Pada Seminar Pendidikan yang diselenggarakan di Universitas Katolik Musi Charitas Senin (18/7) lalu, Mgr. Yohanes Harun Yuwono menjadi pembicara pertama yang menyampaikan materinya. Dalam pemaparannya, Bapa Uskup menyoroti keprihatinan terhadap sekolah Katolik di zaman sekarang. Beliau mengatakan bahwa saat ini sekolah-sekolah Katolik mengalami kekurangan murid dan juga tidak lagi memunyai nama harum seperti dulu. Selain itu, banyak pula anak-anak dari keluarga Katolik yang setelah menamatkan sekolah menengah tidak dapat melanjutkan ke perguruan tinggi.
“Pepatah latin mengatakan ‘non scholae sed vitae discimus’, kita belajar bukan untuk sekedar sekolah, melainkan untuk hidup,” tuturnya.
Menyadari hal ini, maka maka yayasan melakukan kebijakan subsidi silang bagi murid tidak mampu di sekolah Katolik milik Keuskupan Agung Palembang. Selain itu, diharapkan ke depannya yayasan keuskupan membuka sekolah-sekolah tingkat dasar di daerah-daerah pinggiran.

Sejak zaman dulu sampai sekarang, ada sekolah yang dilengkapi dengan asrama, baik yang dikelola oleh keuskupan maupun yang dikelola oleh kongregasi religius. Hal ini bisa menjadi solusi bagi para orangtua yang tinggal jauh dari sekolah yang memilih memasukkan anak-anak mereka di sekolah Katolik yang dilengkapi dengan asrama.
Di asrama anak-anak akan aman dari berbagai tindakan kejahatan yang marak di zaman ini dan orang tua tentu akan lebih tenang bekerja untuk mencarikan biaya pendidikan anak-anaknya karena tahu anak-anaknya dalam keadaan aman.
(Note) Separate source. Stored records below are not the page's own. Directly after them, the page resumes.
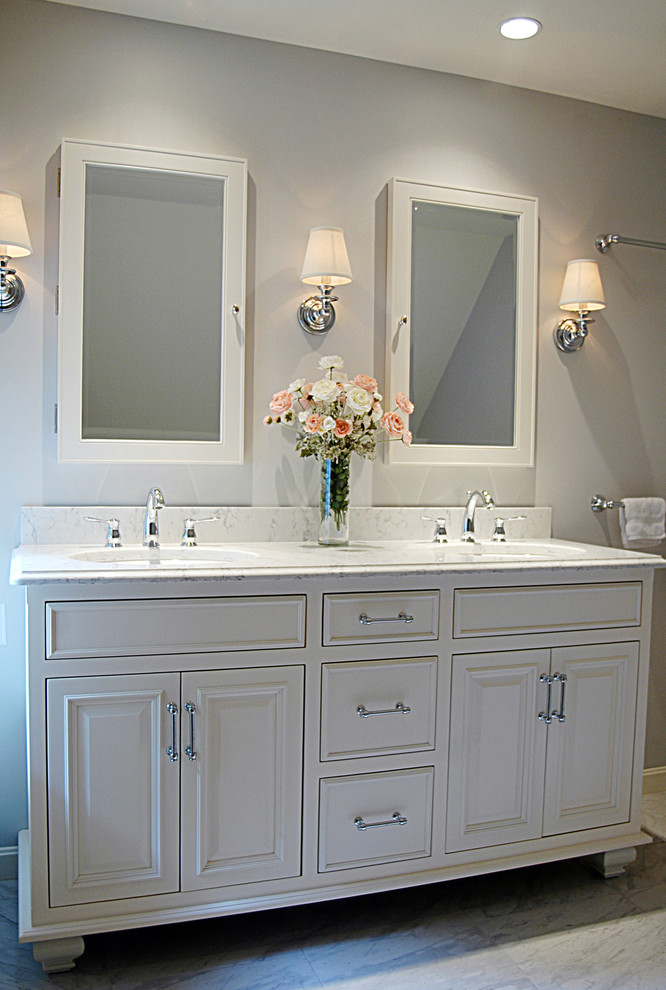 Design ideas for a mid-sized traditional master bathroom in Portland Maine with recessed-panel cabinets, white cabinets, grey walls, marble floors, an undermount sink and marble benchtops.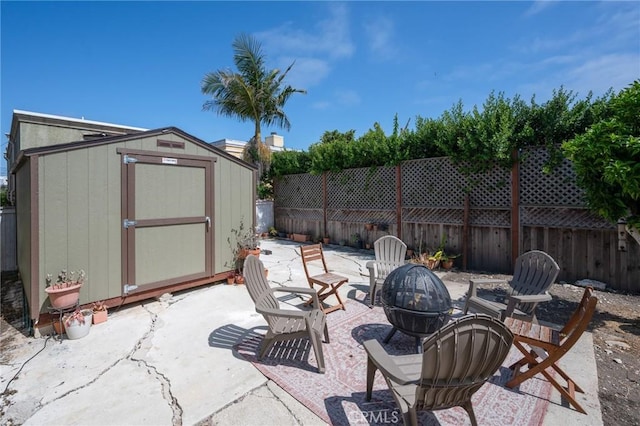 2848 S Kerckhoff Ave, San Pedro, CA 90731 - fenced backyard with an outdoor fire pit, a patio area, and a storage unit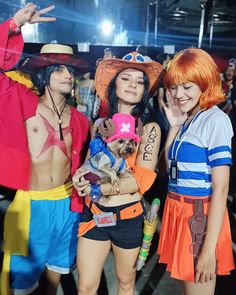 three people in costumes posing for the camera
Jadi, asrama bukan hanya dimanfaatkan sebagai fasilitas untuk mencari murid namun menghasilkan manusia berkarakter.
Bercermin pada Yohanes Pembaptis dan Yesus, para murid di ‘sekolah’ Yesus diajak tinggal bersama Yesus. Tidak hanya berdoa, namun Yesus mengajarkan ‘ilmu’ dan pendidikan karakter agar para murid bisa menghadapi masa depan yang berat. Di ‘sekolah’ Yesus ini, para murid harus bisa lulus dengan predikat ‘cerdik seperti ular dan tulus seperti merpati’.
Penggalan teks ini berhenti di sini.